16) This is, effectively, a papal intervention in the upcoming UN climate talks in Paris. Every time these talks are held, rich and poor countries deadlock over exactly this issue — over who should shoulder emission cuts and who should pay for adapting to climate change. (Cue the debate over the proposed Green Climate Fund to raise $100 billion a year from rich nations to help the developing world.) Francis is mostly siding with the poor on this, saying: "A true 'ecological debt' exists, particularly between the global north and south."

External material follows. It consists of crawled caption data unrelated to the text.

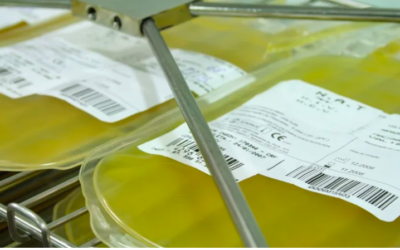 A transfusão de plaquetas é indicada no tratamento de pacientes com AVCh em uso de antiplaquetários?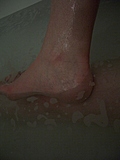 [Picture: Wet ankle]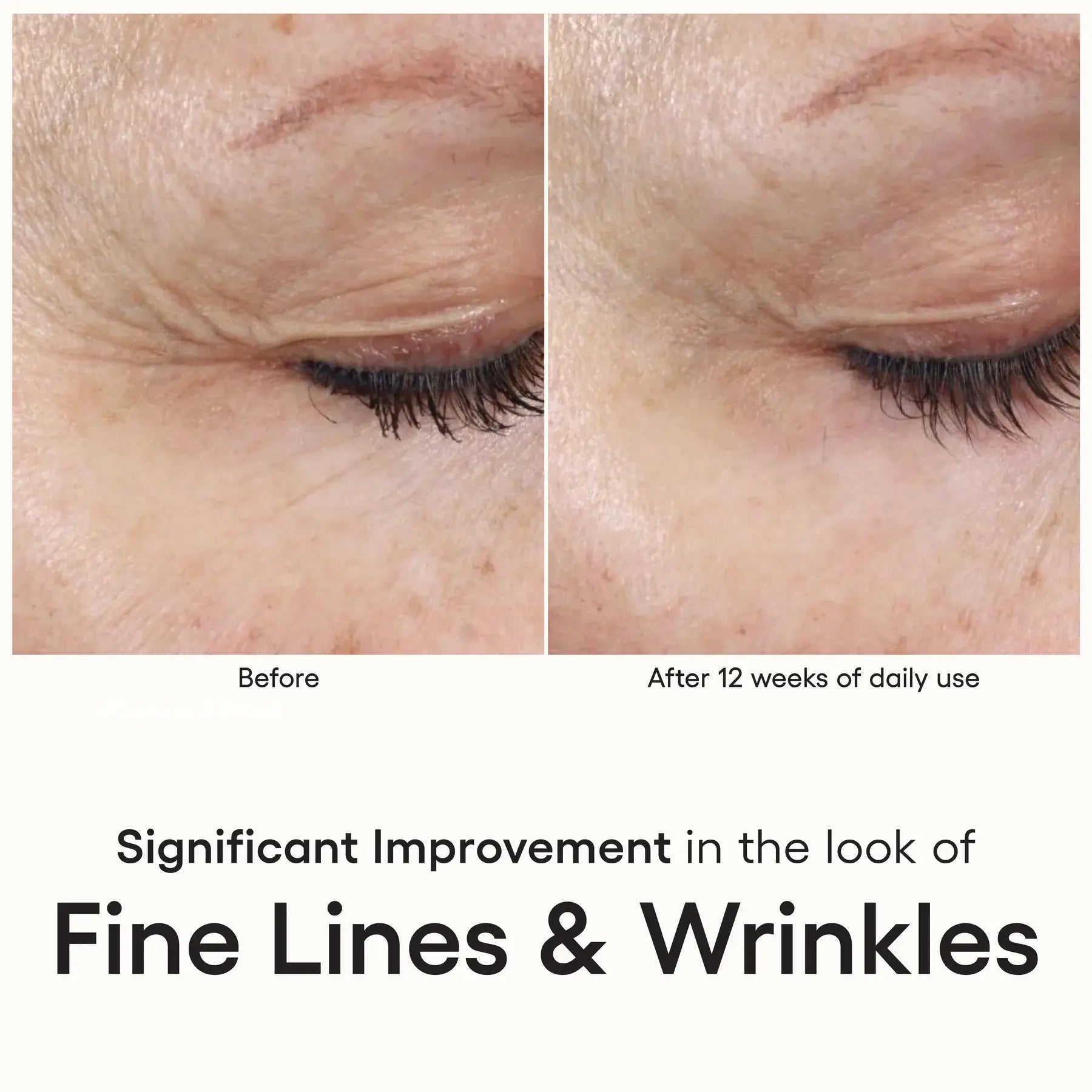 INTENSE Serum - Filler Lux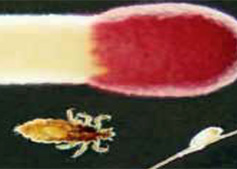 enlarged version of a head louse and egg, in comparison to a match stick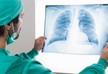 Oncologists name symptom of lung cancer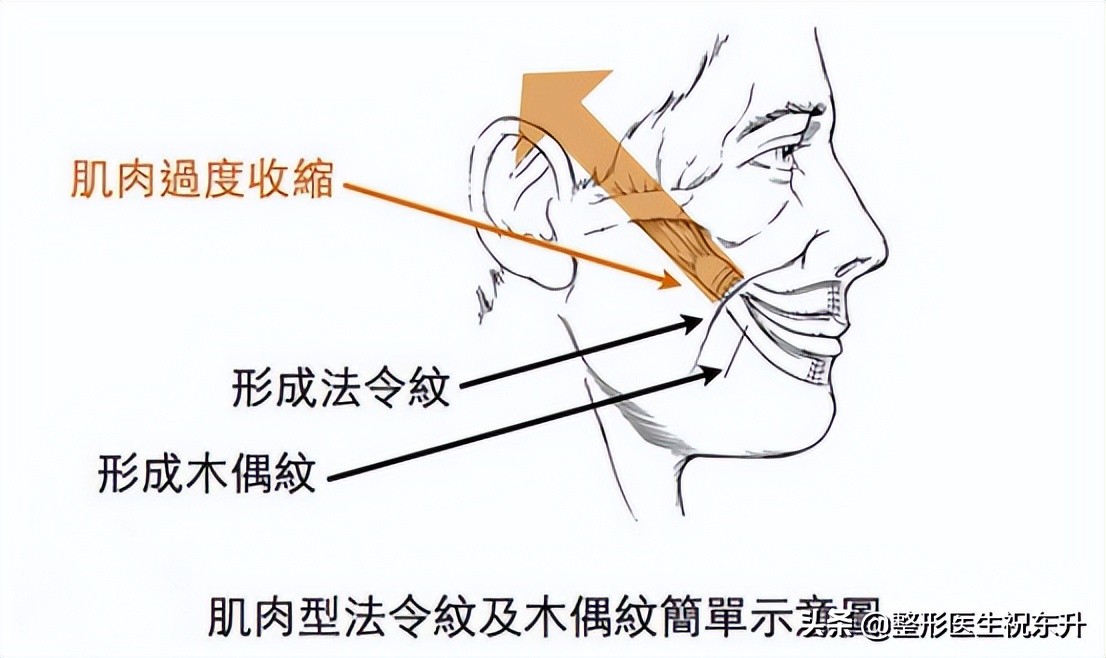 脸上有了法令纹？消除真的不难，这“3个方法”实用又有效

17) The pope has gotten criticized for being anti-technology, though the encyclical seems more nuanced than that. On the one hand, he dismisses those "who ... tell us that ecological problems will solve themselves simply with the application of new technology and without any need for ethical considerations or deep change." But he later adds: "This does not mean being opposed to any technological innovations which can bring about an improvement in the quality of life." And he emphasizes the need for key technological advances, like energy storage, to address climate change.

18) Francis also takes a cautiously favorable stance toward GMOs. He notes that "no conclusive proof exists that GM cereals may be harmful to human beings, and in some regions their use has brought about economic growth which has helped to resolve problems." But, he warns, in some cases their use has led to a decrease in crop diversity and the concentration of farming into the hands of just a few landowners. "Certainly, these issues require constant attention and a concern for their ethical implications."

19) On another note, the pope isn't a fan of using carbon trading to tackle emissions (this is the system the European Union uses, and that congressional Democrats tried to enact in 2010). He says that "carbon credits can lead to a new form of speculation which would not help to reduce the polluting of greenhouse gases worldwide." So ... any country mulling cap-and-trade shouldn't expect the papal blessing.

Further reading

-- Jack Jenkins has a nice basic overview of what encyclicals are and how they work.

-- At the New York Times, Coral Davenport explores how the pope's encyclical could put pressure on conservative Catholic politicians in the United States, from Jeb Bush to Marco Rubio.

-- In the Financial Times, Nick Butler takes issue with the pope's criticisms of science and technology. After all, it's very likely that science and technology will be the only things that can solve our climate change problems.